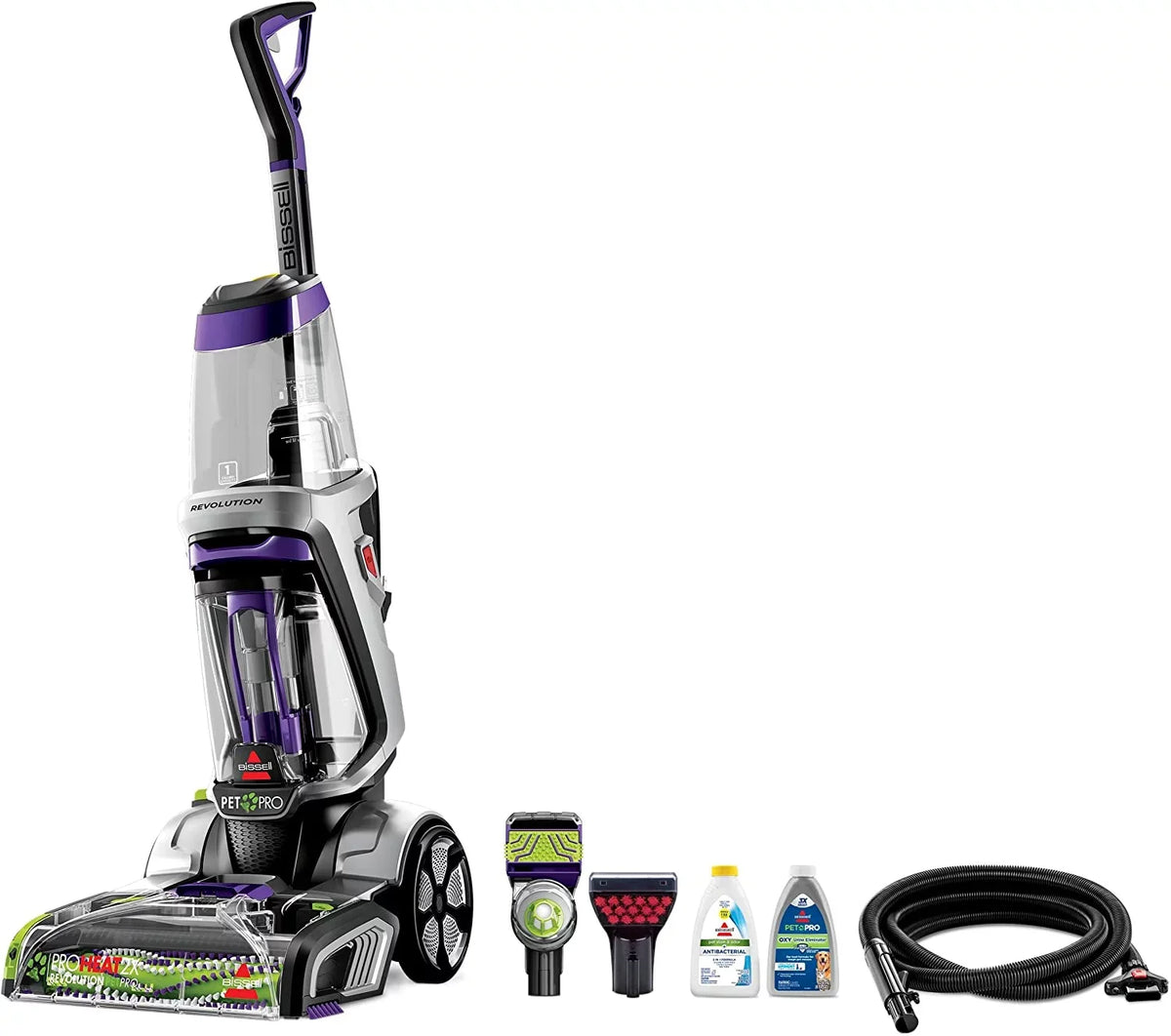 BISSELL Revolution Upright Restored Plus 2X (Refurbished) Cleaner Deep ProHeat 3588F Pro Pet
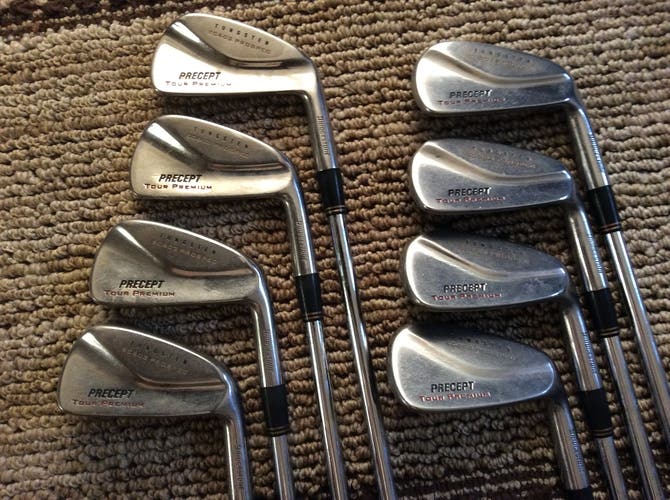 Used Men's Bridgestone Right Handed Iron Set Stiff Flex Steel Shaft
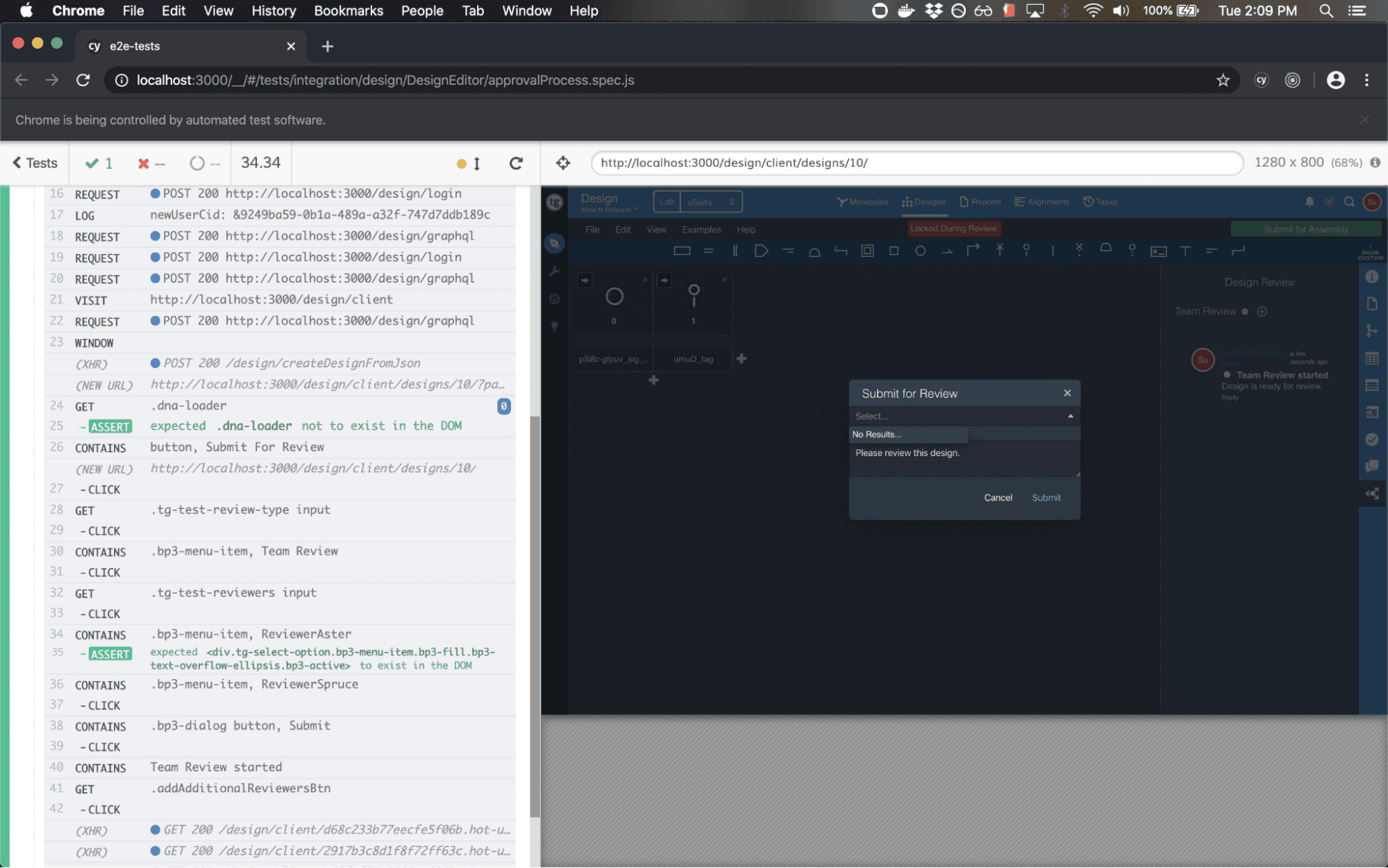Cypress screenshot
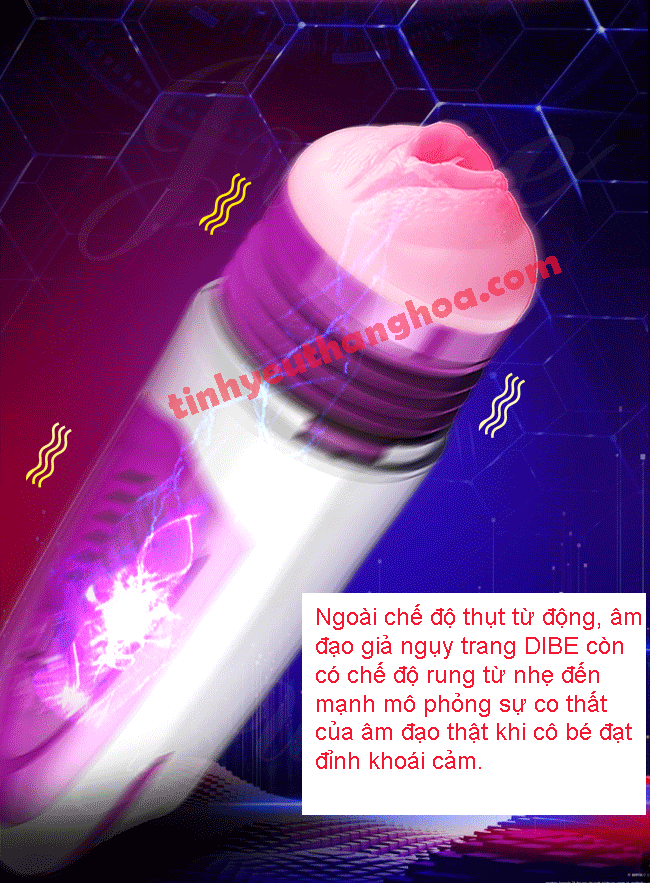 Âm Đạo Giả DIBE Cao Cấp Rung Mút Phát Nhiệt Phát Âm Thực Tế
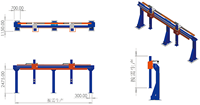 Bras de robot industriel à double axe avec structure en acier pour rail de soudage intensif, moteur PLC - Haute précision, personnalisable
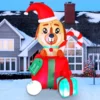 6ft Inflatable LED Christmas Puppy In A Gift 2 6ft Inflatable LED Christmas Puppy In A Gift -Christmas Decorations 6ft Inflatable LED Christmas Puppy in a Gift 1 result 600x600 1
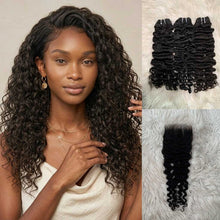 Load image into Gallery viewer, Burmese-curly-3-bundles-with-closure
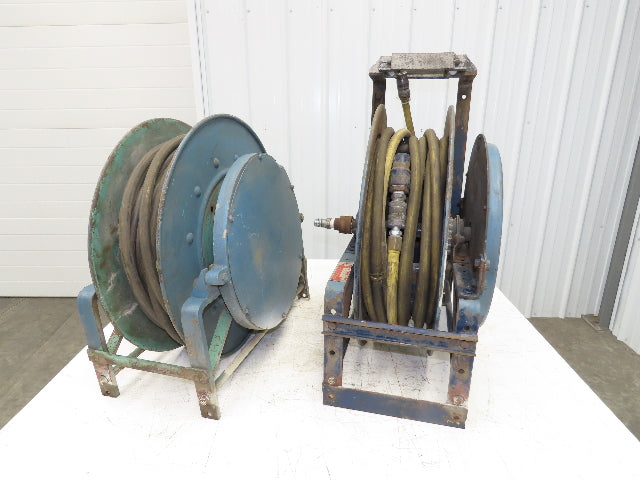 Hannay Reels 818-23-24B Retractable Industrial Water Hose Reel 1/2" Lot Of 2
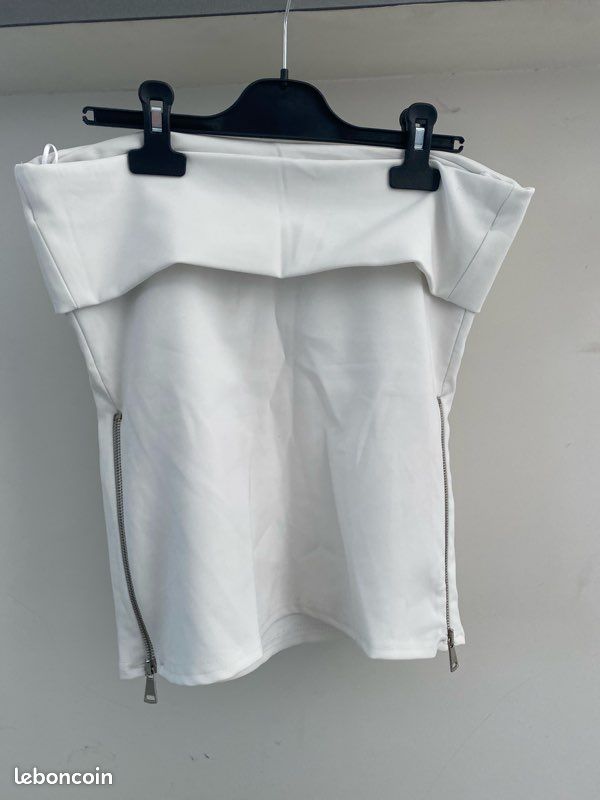 Top bustier blanc Zara taille M en très bon état Vêtements
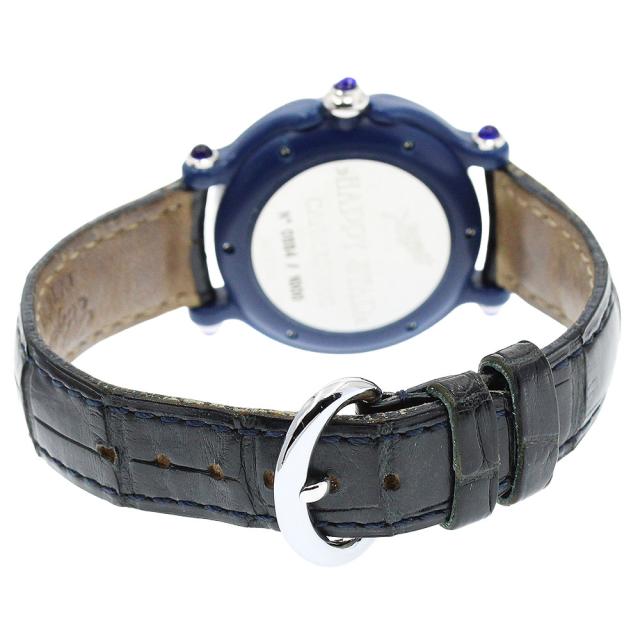 訳あり ショパール Chopard 27/7778 ハッピースター 3Pダイヤ デイト クォーツ レディース _942603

□ □ □ □ □ □ □

# [Work item]
Word for word, repeat the lines above from the one with "Used Men's Bridgestone" through the one with "Bras de robot", and nothing beyond them. Omit the pictures.

# [The completed task]
 Used Men's Bridgestone Right Handed Iron Set Stiff Flex Steel Shaft
Cypress screenshot
 Âm Đạo Giả DIBE Cao Cấp Rung Mút Phát Nhiệt Phát Âm Thực Tế
 Bras de robot industriel à double axe avec structure en acier pour rail de soudage intensif, moteur PLC - Haute précision, personnalisable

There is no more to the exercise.